**Exercise directions**
The answer is all of the data repeated exactly, with each picture omitted.

(Captioned web image data)

########################################

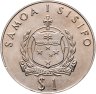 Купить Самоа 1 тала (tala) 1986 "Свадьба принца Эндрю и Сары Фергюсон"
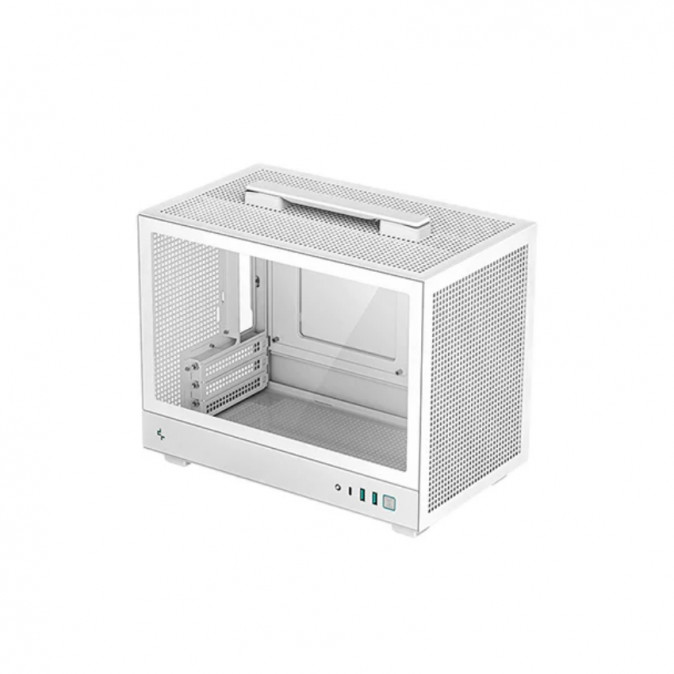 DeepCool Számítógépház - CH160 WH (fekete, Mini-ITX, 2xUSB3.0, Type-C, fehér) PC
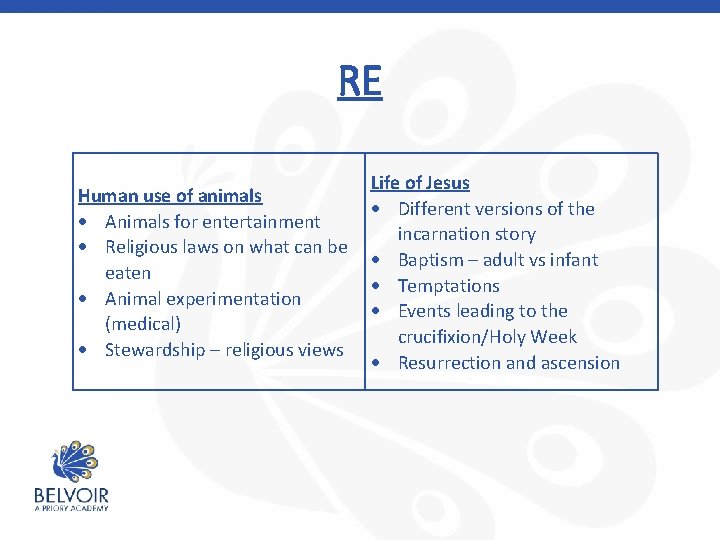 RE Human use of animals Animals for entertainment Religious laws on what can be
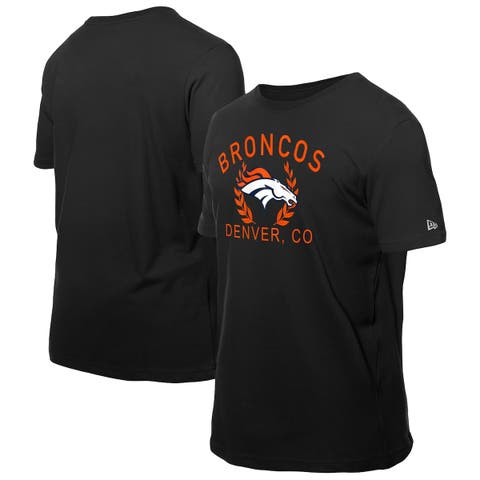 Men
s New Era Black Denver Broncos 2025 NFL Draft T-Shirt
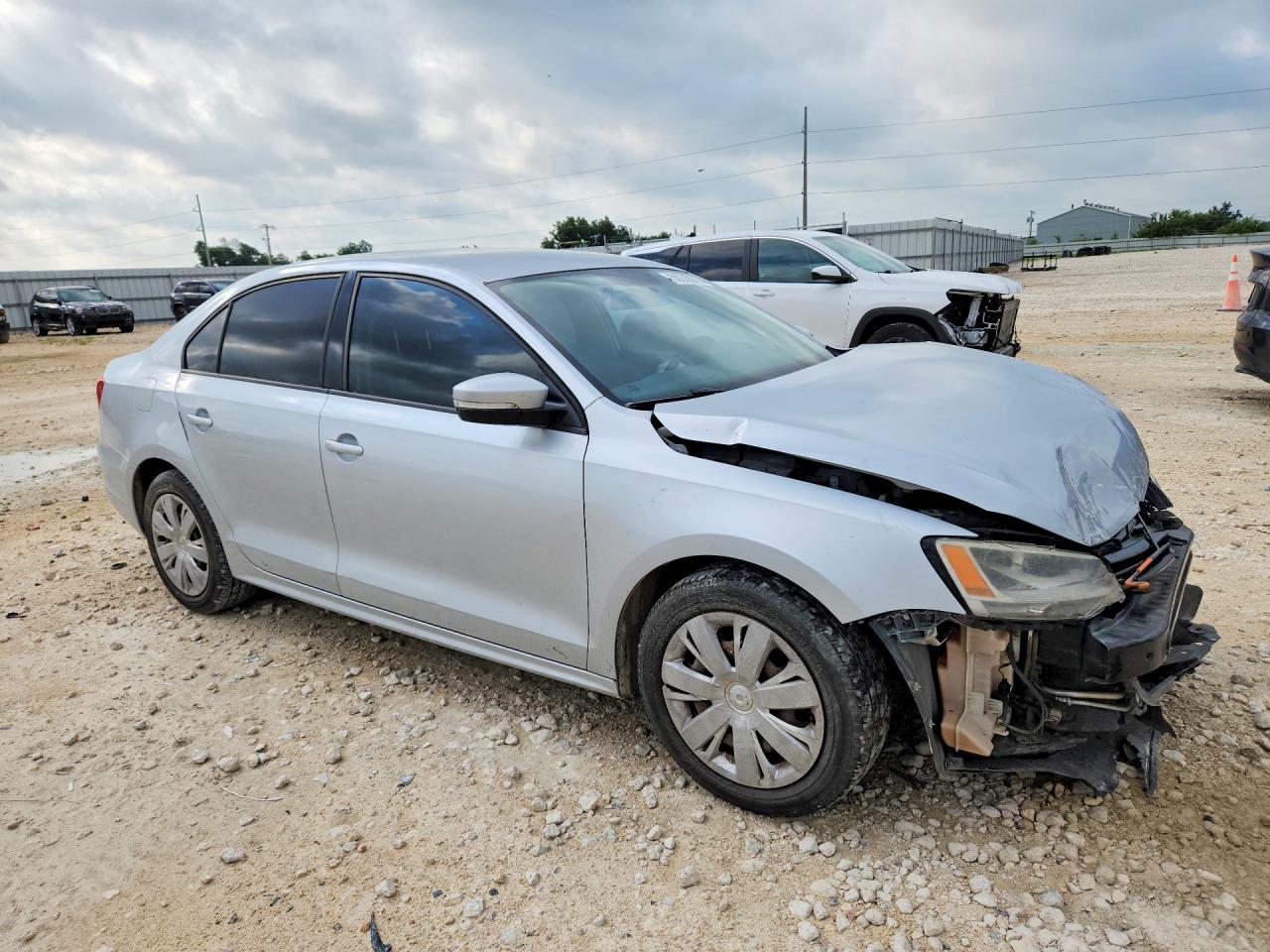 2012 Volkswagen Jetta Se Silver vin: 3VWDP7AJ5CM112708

########################################

**Your solution**
 Купить Самоа 1 тала (tala) 1986 "Свадьба принца Эндрю и Сары Фергюсон"
 DeepCool Számítógépház - CH160 WH (fekete, Mini-ITX, 2xUSB3.0, Type-C, fehér) PC
 RE Human use of animals Animals for entertainment Religious laws on what can be
 Men
s New Era Black Denver Broncos 2025 NFL Draft T-Shirt
 2012 Volkswagen Jetta Se Silver vin: 3VWDP7AJ5CM112708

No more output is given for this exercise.